The several country-wide produce scares in the last one year (was it tomatoes and spinach?) made me read very carefully Eric Schlosser's discussion of the dangers of the centralization of meat-production, or any production: "Today a cluster of illnesses in one small town can stem from a bad potato salad at a school barbeque or -- or it may be the first sign of an outbreak that extends statewide, nationwide and even overseas." Millions of tons of meat infected E. Coli and Salmonela can be distributed unchecked throughout the country, sicken thousands of people, and no government agency has the right to issue a recall and inform the public that they should not buy the infected meat! A voluntarily recall can be issued by the company weeks and months after the discovery of the infection, long after the infected product has already been sold and consumed. Since when did eating a steak become risky business? Apparently, a large amount of money and effort have been invested by the meat industry to prevent the institution of control. Isn't this frightening? The Secretary of Agriculture is quoted to have said: "We can fine circuses for mistreating elephants but we can't fine companies for violating food-safety standards."

In short, if you haven't read "Fast Food Nation", read it. I recommend it.
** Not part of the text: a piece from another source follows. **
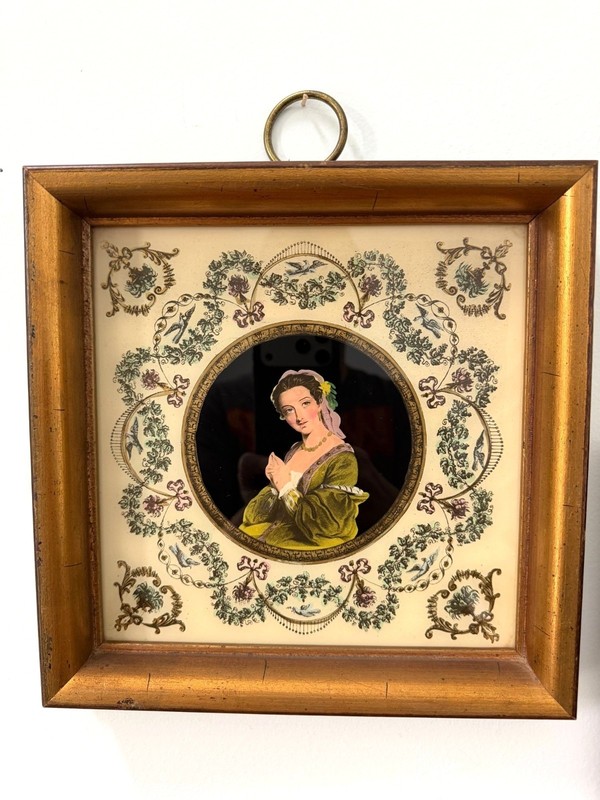 Vintage Verre Églomisé Reverse Painted Portraits Sungott Art Studios New York gallery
What now? It's not that I have ever been a big fast food fan. I was 17 years old (and already a vegetarian) when I walked into a McDonald's restaurant for the first time, I think it was in Belgrade, so I do not have the childhood allegiance or comfort food association. And, honestly, I've never had a hamburger, let alone a BigMac. Yet, aside from reasons loosely defined as "they don't serve anything I eat", I have never consciously avoided them. In fact, french fries and/or a frosty is my occasional fare after a late night out. Given that the majority of fast food purchases are spontaneous, I may as well be the typical customer. Or should I say "was" the typical customer. I here-by solemnly swear to never eat at a fast food restaurant ever again. I had my last serving of (Jack In the Box) fast food fries last Sunday, November 2nd, 2008. I oppose their practices, I oppose their corporative greediness, exploitativeness and manipulativeness. Fast food chains very much remind me of Walmart, like the food version of it (seen Walmart: The High Cost of Low Price?). Well, I won't be spending my money there no more.

And if I were to ever buy meat, I'd rather know the name of the cow/chicken it came from. (Sorry, Monica!)